Movie memorabilia has trippled in value in recent years
Our antiques expert Allan Blackburn looks at how the film idustry has created a category of collectables...
Frankly my dear, I don’t give a damn… Unless, that is, you’re a savvy collector, as incredibly, it’s 80 years this week since the premier of ‘Gone with the Wind’. Starring Clark Gable and Vivien Leigh, it’s one of the most popular and successful films of all time, great for a long winter evening.
Movie memorabilia is a really popular field of collecting that, to the envy of many, is attracting growing numbers of new and younger collectors. No longer a niche hobby, collectors have a huge range of often unique pieces: costumes, props, stills and autographs, all sprinkled with a bit of movie stardust.
It’s also a boom area; according to Sotheby’s, authentic props from old films have tripled in value over the last ten years alone. Some beyond all expectations, for example, a Star Wars helmet sold for £3,000 in 1992. Auctioned again in 2017, it fetched £216,000- a 7,000 percent increase in only 13 years!
The highest price recorded (so far!) is for the iconic white halterneck dress Marilyn Monroe wore standing over a subway vent in ‘The Seven Year Itch’. Voted the most iconic movie dress of all time, it sold in 2011 for $4.6 million.
More likely to be within budget, and great as starter gifts, are movie posters. Prices for original film posters have risen consistently and look to continue. A good tip is to seek out collectable film poster artists; this can add value as much as the film title. Older film posters are rare as they were not always preserved, and often damaged by folding (rather than rolling).

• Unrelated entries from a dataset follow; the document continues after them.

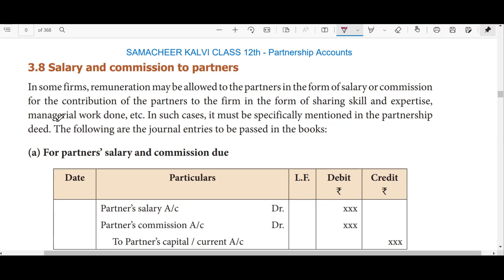I will surely be posting. So the topics we'll cover are: salary and commission to partners, and if there are profits, the division among partners — that we will see. So this is the outline of the video: salary and commission to partners.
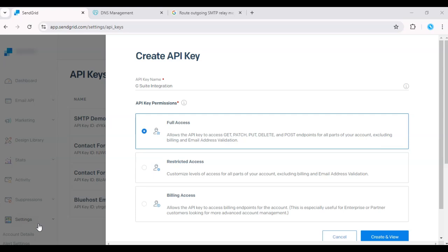First, log into your G Suite admin console and go to Apps. Click on G Suite.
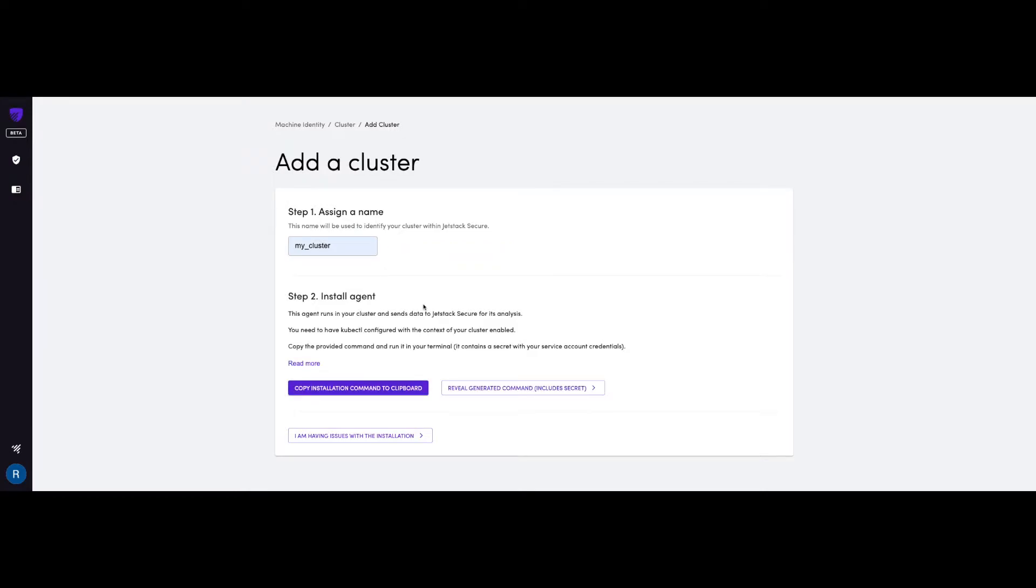And on step two, all you need is kubectl installed on your local machine, or a machine you have access to with credentials to your cluster. JetStack Secure would automatically generate all the manifests required to deploy the agent to your cluster.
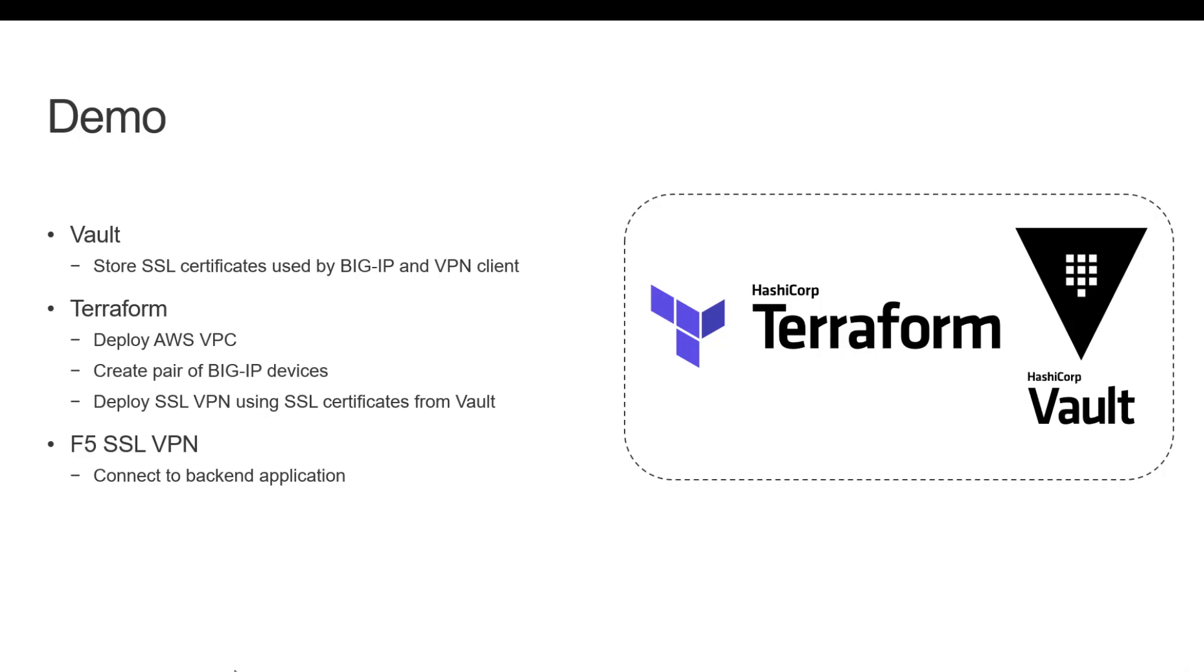Once we have deployed the demo environment we will verify the solution by using the F5 SSL VPN command line client to connect to the demo environment.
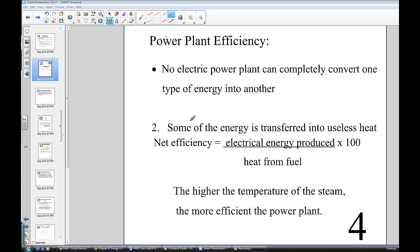Welcome to our second lesson in chapter 4, Energy from Combustion. We last left off looking at some efficiency calculations, and I wanted to pick up with one more example before we dive into the chemistry of coal.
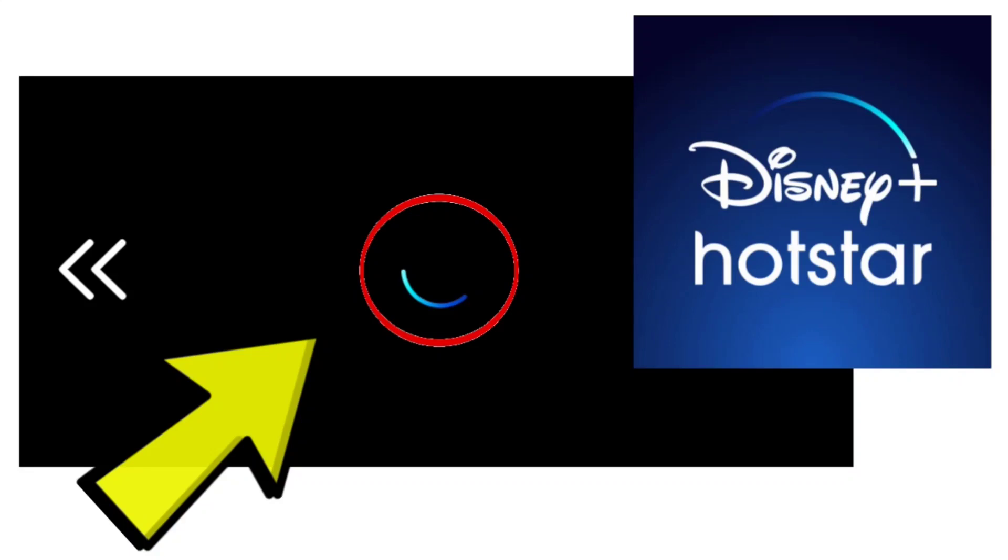Here are some methods to fix the loading error on the Disney Plus Hotstar app.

We usually have a selection of movie posters in the centre, but they go quickly. Also popular are cards featuring classic movie stars, starting at under £1. Our current range includes ‘Rhett’ himself, Clark Gable!
When considering, ask: is there any supporting documentation to verify an item’s authenticity? Iconic actors who die young or only appeared in a few films mean limited supplies and increased interest.
And, of course, signatures add value, when on the object or photograph (less so when on an accompanying piece of card; as ever, be aware of fakes, reproductions and amalgamations).
So what better excuse to snuggle in and enjoy some classic movies, in the name of ‘research’? As Scarlett herself said: “After all, tomorrow is another day!”